One thing I was adamant about, I wasn’t willing to get sucked down the shame path. While our relationship was not perfect, I knew I had been a good partner, wife, mother. Therapy or trauma counselling (it is recognised as being akin to trauma) and reading relationship counsellor and author Esther Perel’s books and podcasts helped me to see my own part in events that led to our relationship breakdown.
But it also helped me understand it was less to do with what was wrong with us and more to do with him – his issues, needs and mental health that led to his decisions. I have had to learn to live with the consequences, but he has had to own them as his choices. Just as I could own my choice to stay.
I had very few frames of reference to draw on; on how to be the woman that stayed instead of left
I can’t deny the impact was devastating. The betrayal and levels of intimacy he shared with someone elsewhere hurts deeply still and re-establishing trust is a whole other story, but I learnt quickly not to let myself get sucked into the victim or judgement narrative. You have to create your own narrative and discover if there’s still a shared one for you to believe in together.

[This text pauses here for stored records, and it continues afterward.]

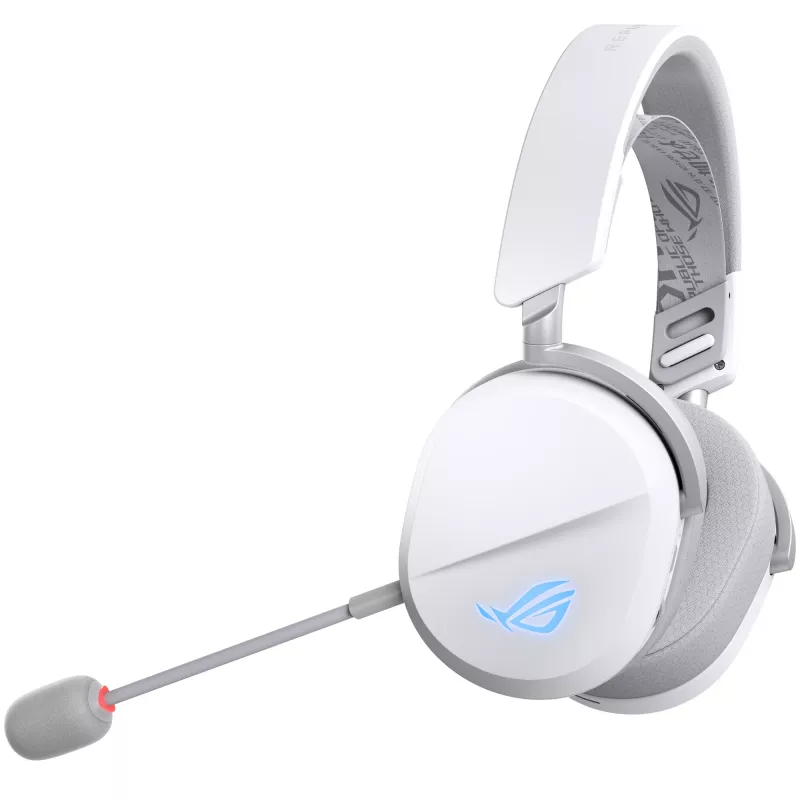ASUS ROG Pelta ausinės su laidu ir belaidžiu ryšiu, ant galvos, žaidimams, USB Type-C, Bluetooth, baltos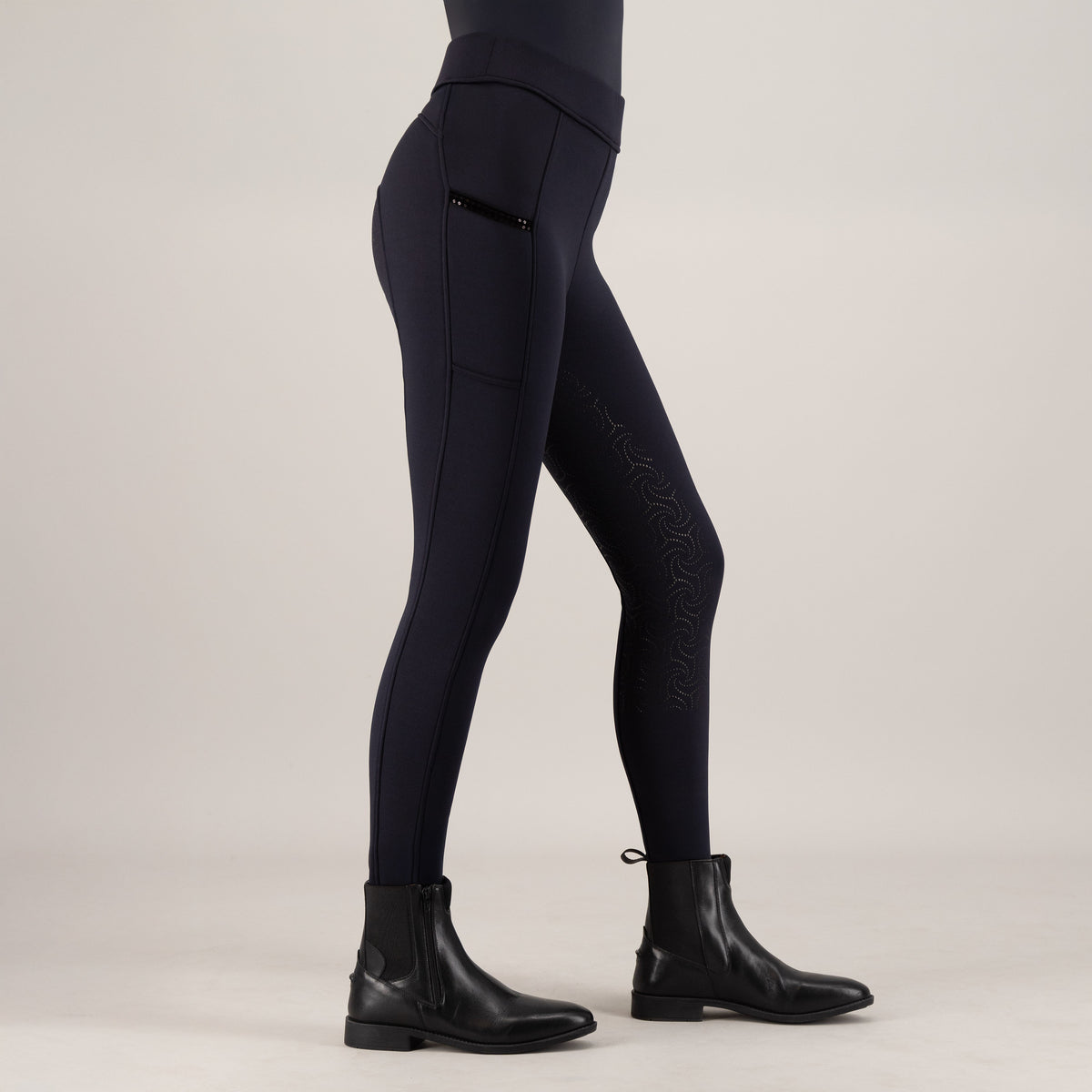 Riding Tights Teddy FullGrip, helskodda vinterridtights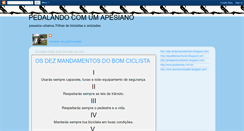Desktop Screenshot of pedalandocomumapesiano.blogspot.com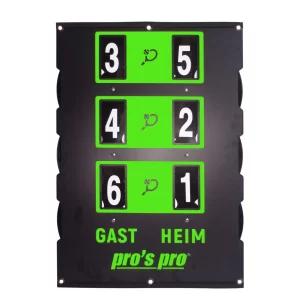 Pro's Pro Tennis Scorrer Neon Green 82 x 58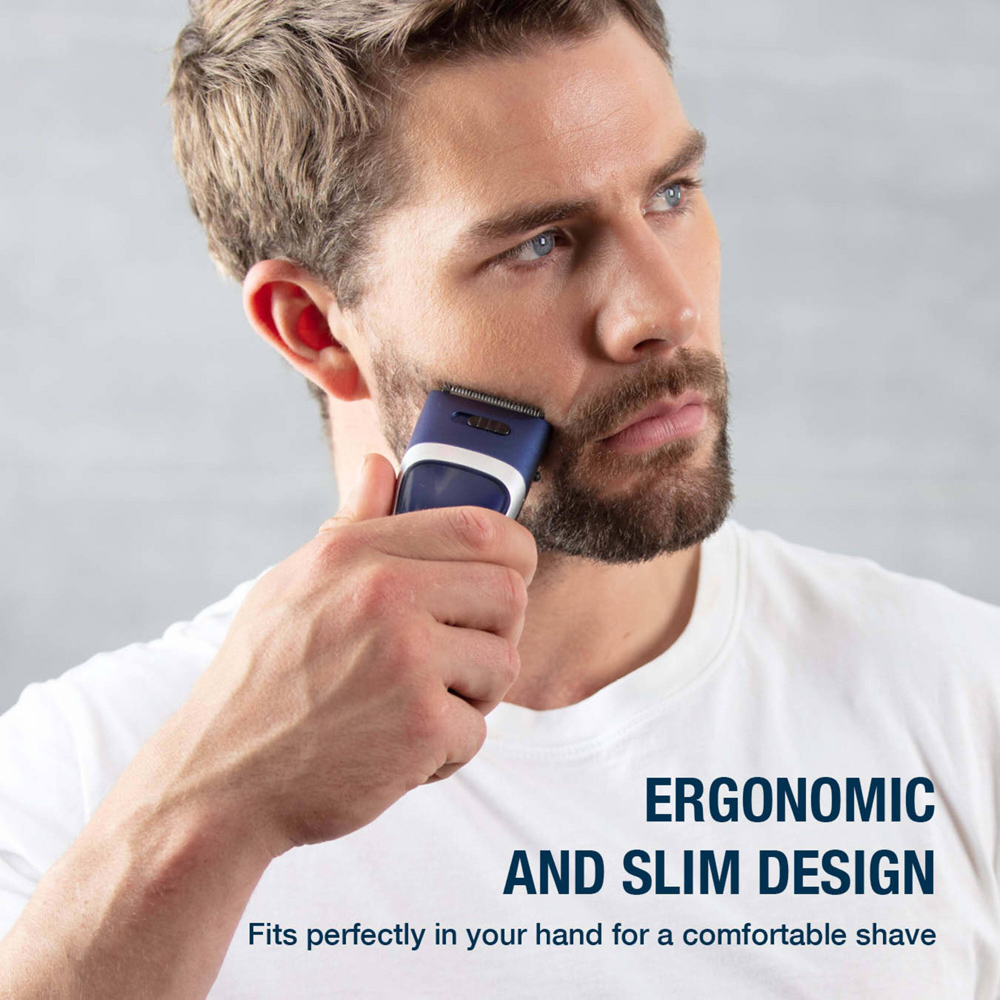 Carmen Mens Signature Hair Trimmer Blue and Silver Image 8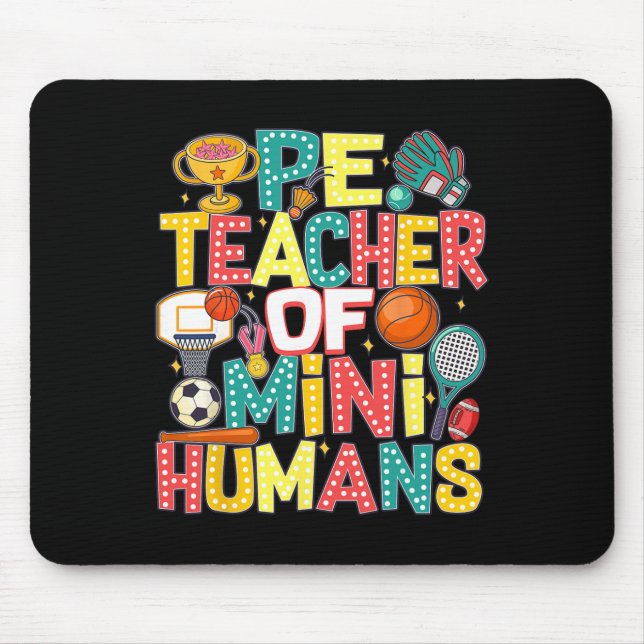 Tapis De Souris Pe Teacher Byck To School Physical Education Gym T (Devant)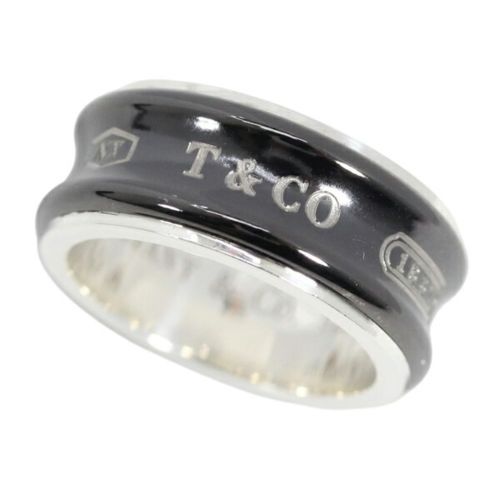 Silver 925 Titanium Band Ring (Pre-Owned) - Tiffany - Modalova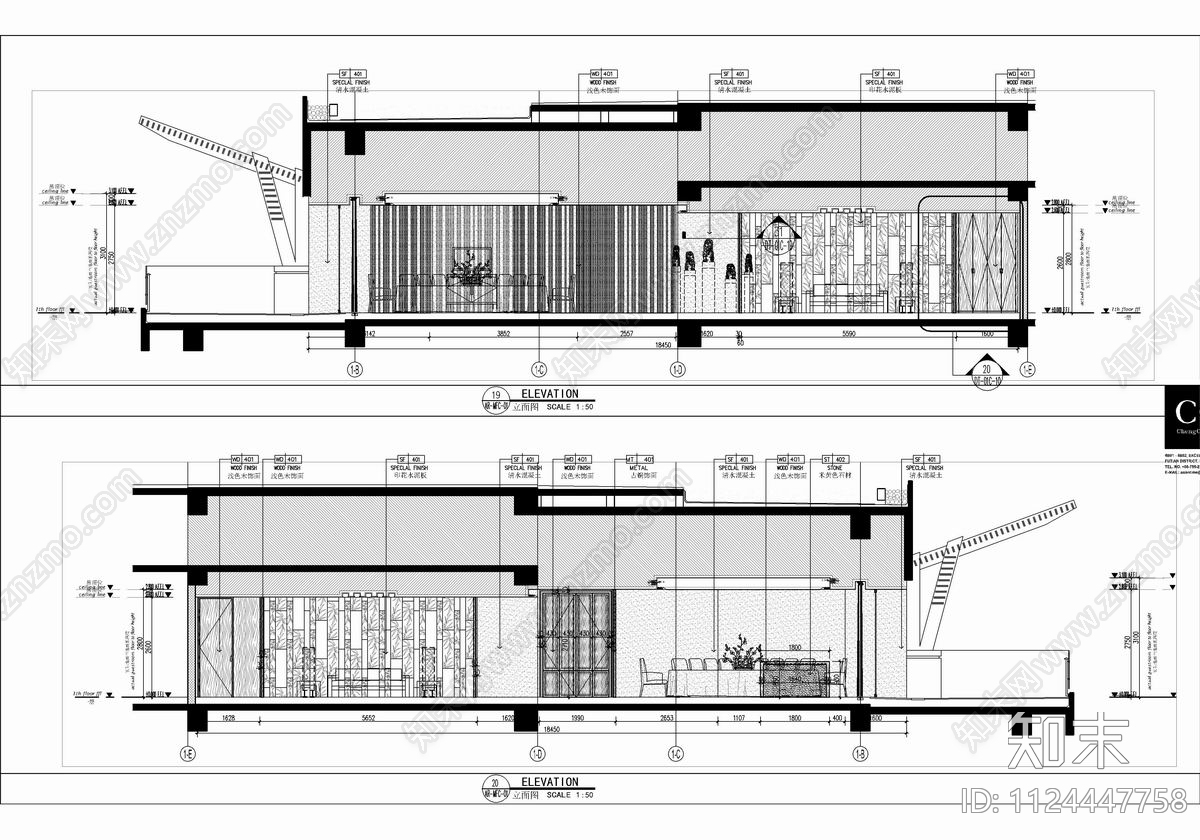 3500㎡中餐厅CAD施工图cad施工图下载【ID:1124447758】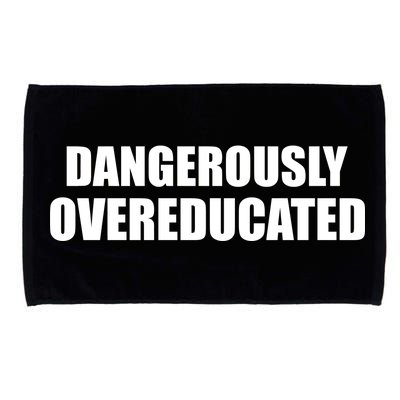 Dangerously Overeducated Microfiber Hand Towel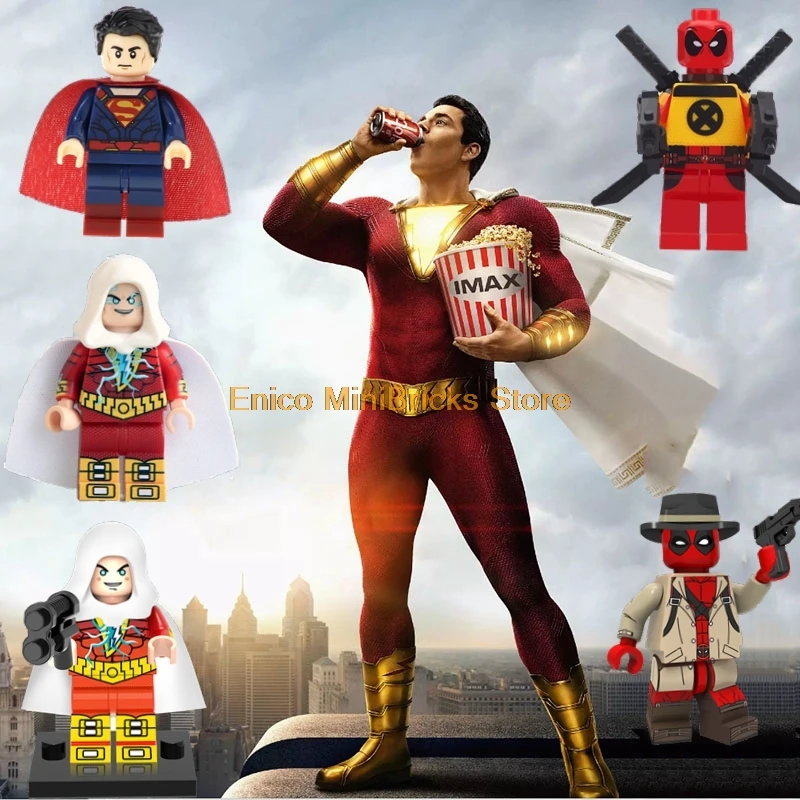 Shazam Movie DC Super Heroes Shazam Superman Compatible With Marvel Deadpool Aciton Figures Mini Dolls Building Blocks Toys
Shazam Movie DC Super Heroes Shazam Superman Compatible With Marvel Deadpool Aciton Figures Mini Dolls Building Blocks Toys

It has been a tough road and I have to admit I no longer believe in forever, but our relationship has benefitted in some ways as a result of this experience. We’re more honest about feelings and emotions, and more considerate and open about our individual needs within the relationship. When I asked him if he wanted to read this article first, he said no – because it’s my truth to speak.
Above all, I learnt that you can never really know what’s going on in someone else’s relationship. Everyone has different lines they agree on and points at which these are crossed. We will probably never know why Khloe has taken Tristan back or why he may have cheated, but I know one thing for sure: I ain’t going to be judging from the sidelines. I just wish her well with her own choices.